Clarifying the Data Cleansing Process
I sit in a lot of sales calls and I was recently in a meeting with a prospective client in which we were asked if we “cleanse” market data as part of our service offering. This is a question that I hear a lot and unfortunately is an indication that there is a good deal of confusion within the market about what data cleansing really means. In this case, what the client was really asking was whether we correct market data that is issued from data vendors such as Platts, GFI, Argus, ICE, etc. The short answer to this question is “no” we don’t “cleanse” market data in this context and truth be told, nobody should be or is allowed to independently change 3rd party market data on behalf of the client. There is however, a process for handling data issues and errors.
When it comes to market data coming from vendors such as Platts, Argus, ICE, or other major providers, no one other than those source providers themselves should be cleansing or correcting this data (or even have the right to) before passing it on to the client, and with good reason.
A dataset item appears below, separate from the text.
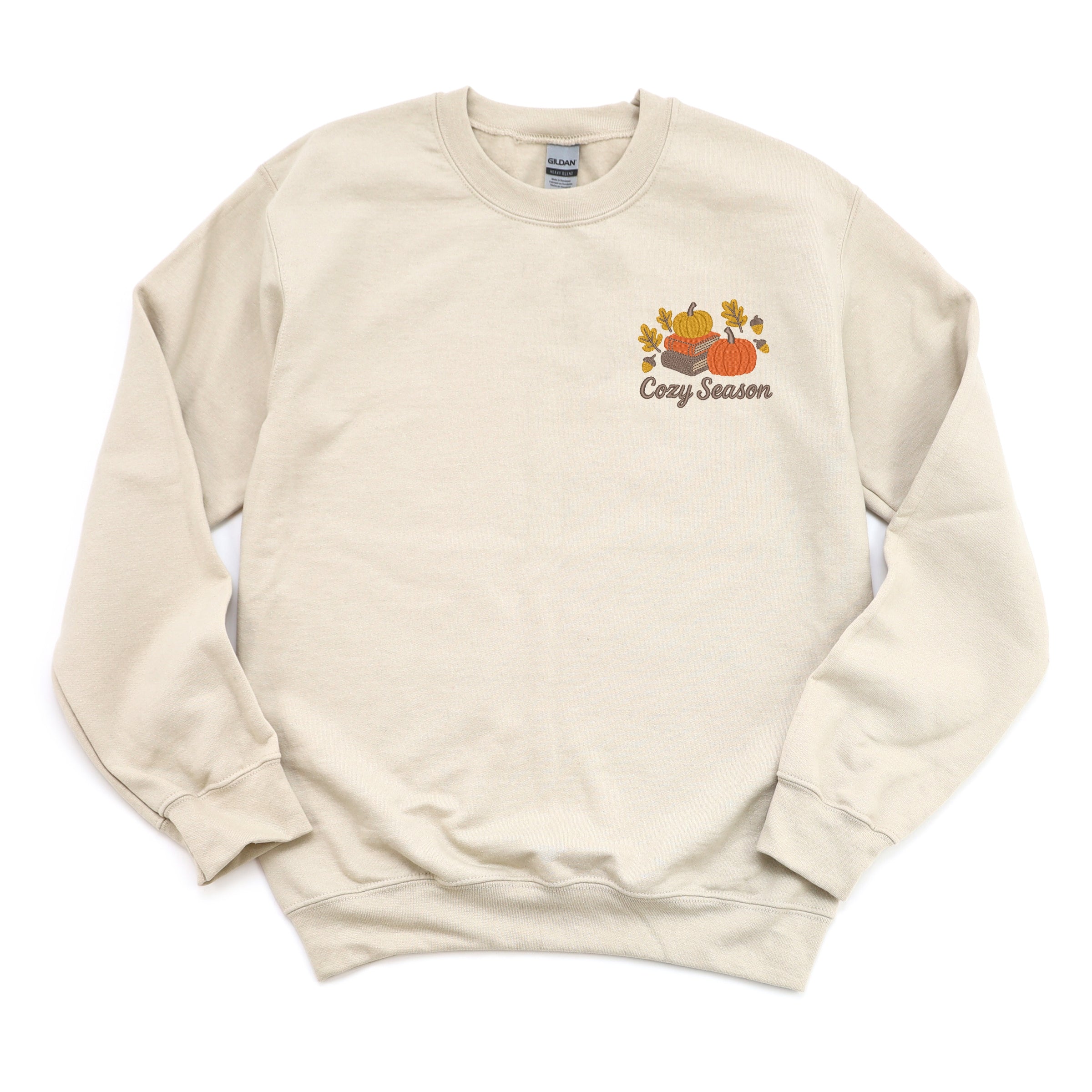 Embroidered Cozy Season Books -  Women's Sweatshirt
Millions of transactions are based upon these numbers, none of which would be possible if companies, or data aggregators, arbitrarily changed them to meet their needs. Data is a critical element to any business process whether it is looking at market trends, creating derivative curves for your end of day process or settling or invoicing against a counterparty. It is extremely important that the potential errors be caught, numbers collected are accurate and at the same time ensuring the process is transparent and auditable.
The good news is that the industry is collectively very efficient at detecting and correcting erroneous data. Thousands of companies including ZE track and validate data as it is being generated and when any data is identified as being suspect, these companies notify the data provider who either confirms that the data is correct, or, as part of their responsibility, issue a correction which everyone in the market is able to get at the same time. This is the only way to ensure that everyone in the market is working from the same data and that there is an audit trail for those needing to understand when and why the data underpinning a transaction changed.
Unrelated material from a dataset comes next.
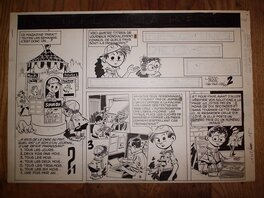 Eddy Paape - Geai et Mowgly, « Les Journaux », 1962. - Comic Strip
Still companies are very concerned with the quality of the market data that underlies their forecasts, analysis and transactions, and many are also very interested in the specific validation rules or routines that ensures the data is correct and meaningful. Moreover, these companies want to be able to identify extreme data or outliers allowing them to investigate whether or not the data is correct.
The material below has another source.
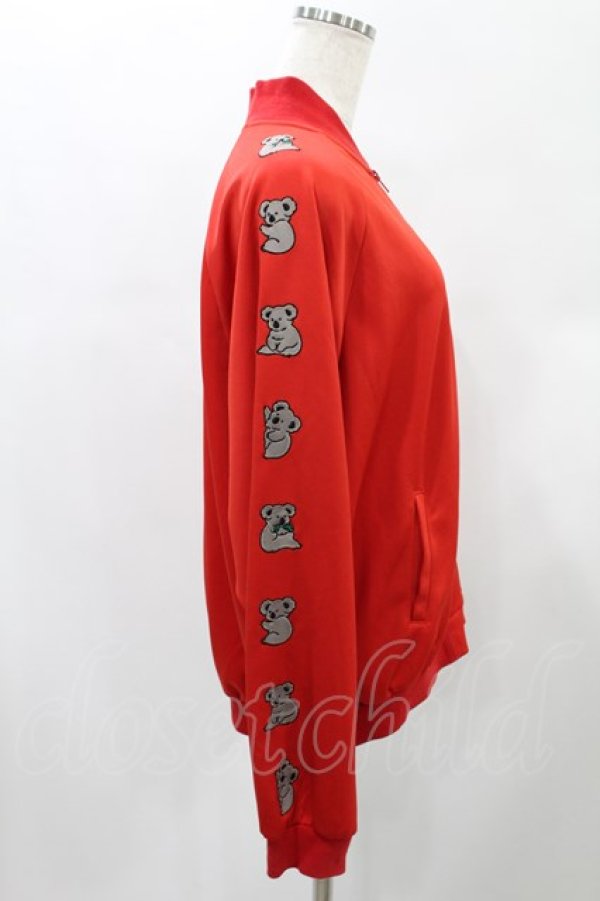 画像3: Candy Stripper / HUG HUG KOALA JERSEY BLOUSON  赤 H-24-12-28-024-PU-JA-KB-ZH (3)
Leading the way in this area, the ZEMA Data Suite and specifically its Data Validation module provides a method of tracking the quality of a company’s market or internal, data. It is an application that provides a visual status of the data in real time and email alerts for those data points that are suspicious, incomplete or considered extreme / anomalies. Many of the validation routines are client configurable and market data revisions are imported, tracked and archived where necessary providing a full audit trail of how market data is changing and how it impacted on historical analysis. Like other modules in the ZEMA Suite of applications, it removes the work load and worry, without removing any of the responsibilities or transparency around the process.
In the end, data cleansing is about reporting issues, importing corrections from the market, providing update statuses, archiving changed data points and providing notification to systems and users. Data cleansing doesn’t mean that a service provider can change your mission critical numbers on their own. Nobody can, nor should you want them to.